Der Übeltäter ist tar und nicht gzip. Da muss man aber auch erst einmal darauf kommen. Ich habe einfach mal geraten.

Wenn ich einen Symlink auf busybox setze, läuft emerge ohne Probleme durch. Hängt das mit dem zuletzt angebotenen Update auf gcc-4.9.4 zusammen?

Falls ja, wie komme ich um den kompletten Neubau des Systems herum? Jemand eine Idee? Ich würde den Symlink ungern eine Leben lang auf busybox gesetzt lassen.

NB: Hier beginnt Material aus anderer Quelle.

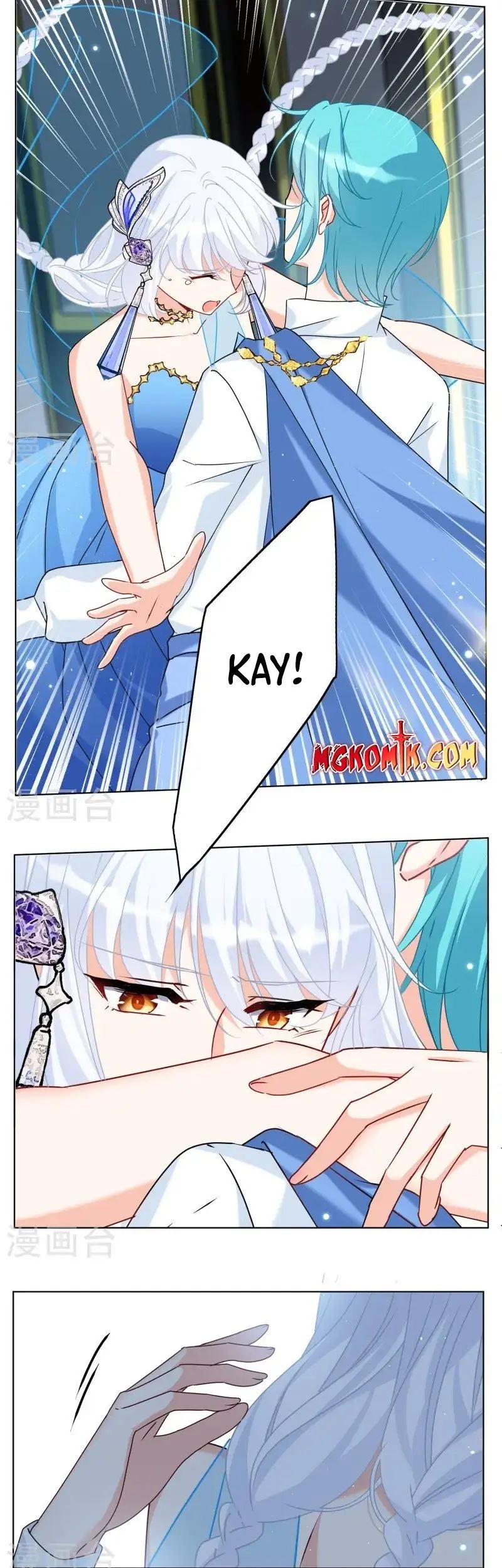 She Is Coming, Please Get Down! Chapter 324 - halaman 13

edit:  Ich glaube ich selbst bin der Übeltäter. Vor einer Weile bin ich mit der VM von einer Maschine zur nächsten gezogen. Es sind beides mal core i7-CPUs verbaut. Was ich nicht bedacht habe ist jedoch, dass die CPUFLAGS nicht mehr stimmen. Scheinbar macht die neue CPU kein sse3 mehr. Muss ich wohl oder übel doch das ganze System neu bauen.

Ich berichte, wenn der Fehler damit behoben werden kann.

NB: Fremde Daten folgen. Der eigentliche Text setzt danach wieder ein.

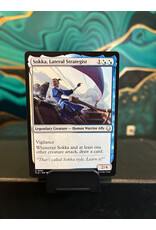 Sokka, Lateral Strategist  (TLA)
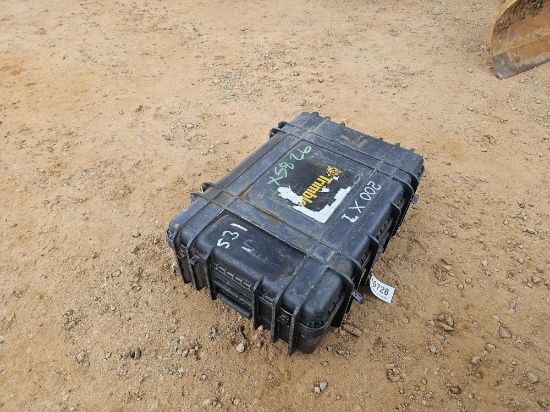 531 - TRIMBLE MS86011 3D GRADE CONTROL MACHINE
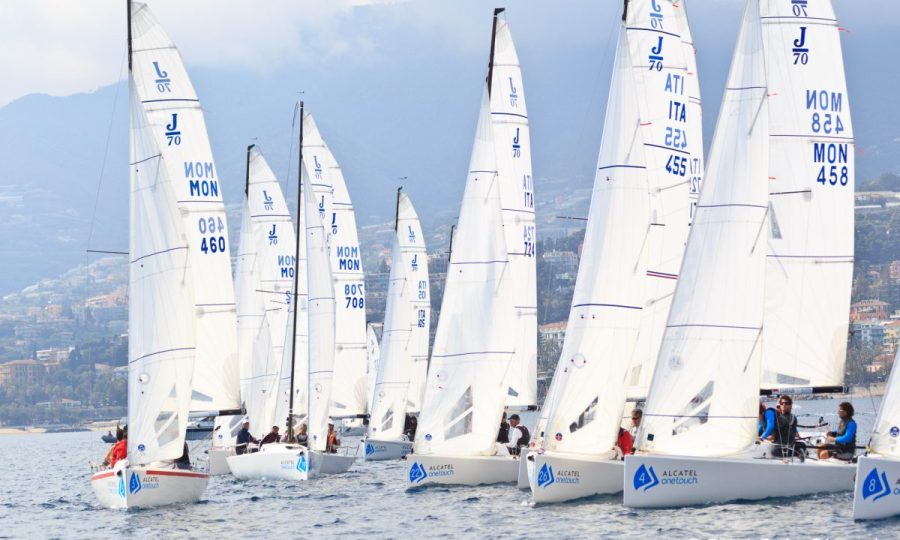 ALCATEL  J/70 CUP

edit #2 --> Lösung: Auch ein komplettes Neubauen des betroffenen Systems hat keine Änderung gebracht. Ich habe aber gelesen, dass es ein hässlicher Bug ist. Nachzulesen hier https://bugs.gentoo.org/show_bug.cgi?id=583576 und unter https://forums.gentoo.org/viewtopic-t-1045082-view-previous.html?sid=1fcee45b3019de77a3f93c6bab7bc1e5.

Lösung bei mir war jetzt, sich per SSH an dem Rechner anzumelden (als normaler Nutzer), dann su - und das cyrus-sasl emergen. Was für ein Mist...[/url]

----------